Data
↓↓↓

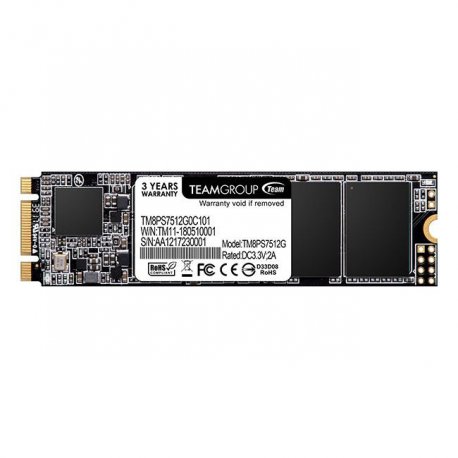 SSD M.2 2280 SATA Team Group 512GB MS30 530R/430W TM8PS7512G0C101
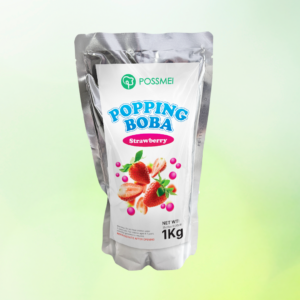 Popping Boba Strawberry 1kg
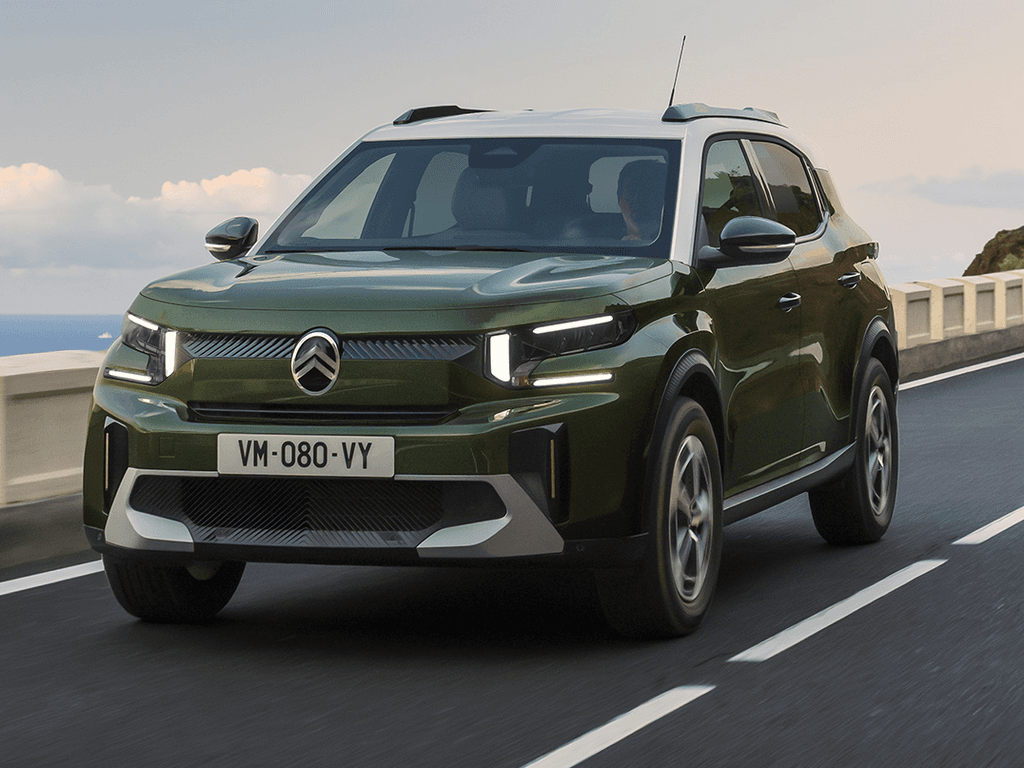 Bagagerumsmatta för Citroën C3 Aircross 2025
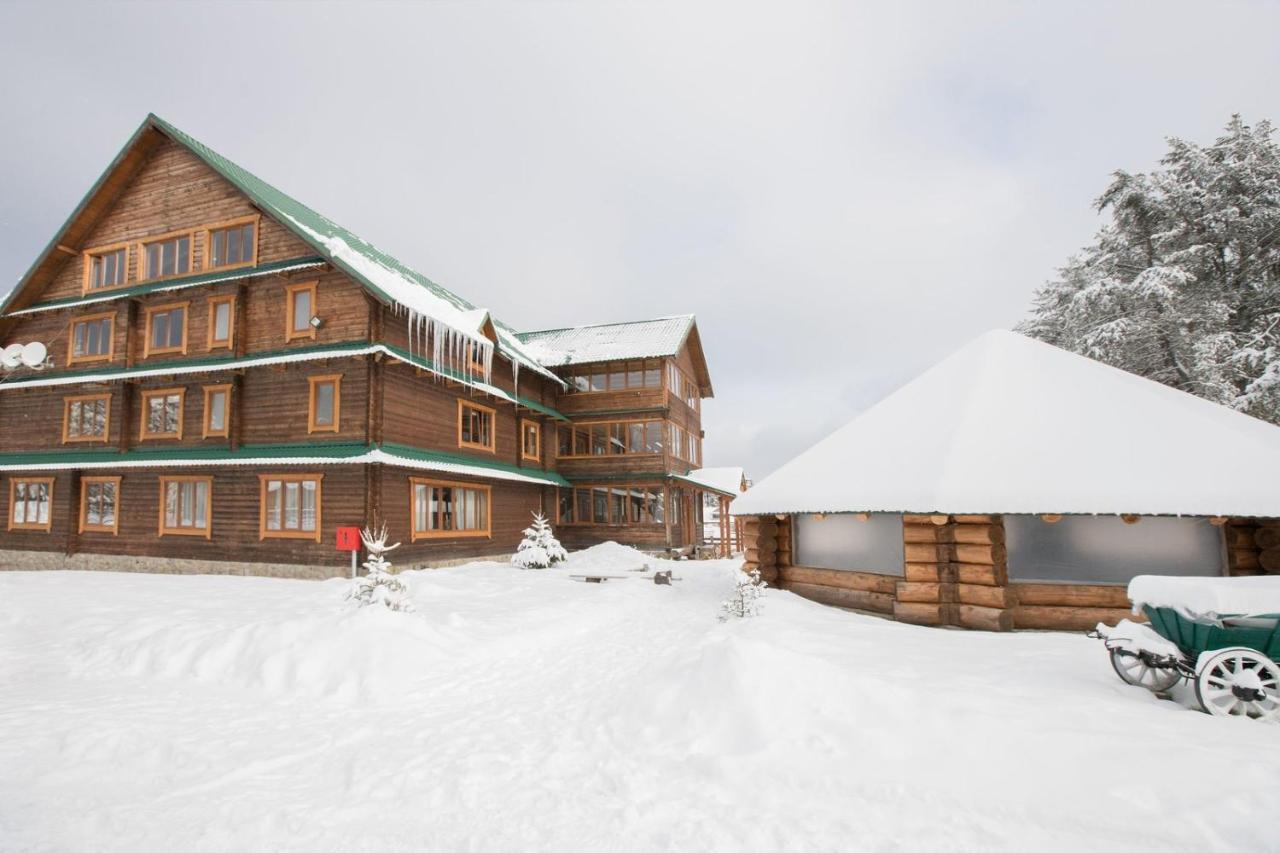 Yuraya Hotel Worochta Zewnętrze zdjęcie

↑↑↑

Where the material above includes pictures, omit them and retype everything else exactly.

Solution below
 SSD M.2 2280 SATA Team Group 512GB MS30 530R/430W TM8PS7512G0C101
 Popping Boba Strawberry 1kg
 Bagagerumsmatta för Citroën C3 Aircross 2025
 Yuraya Hotel Worochta Zewnętrze zdjęcie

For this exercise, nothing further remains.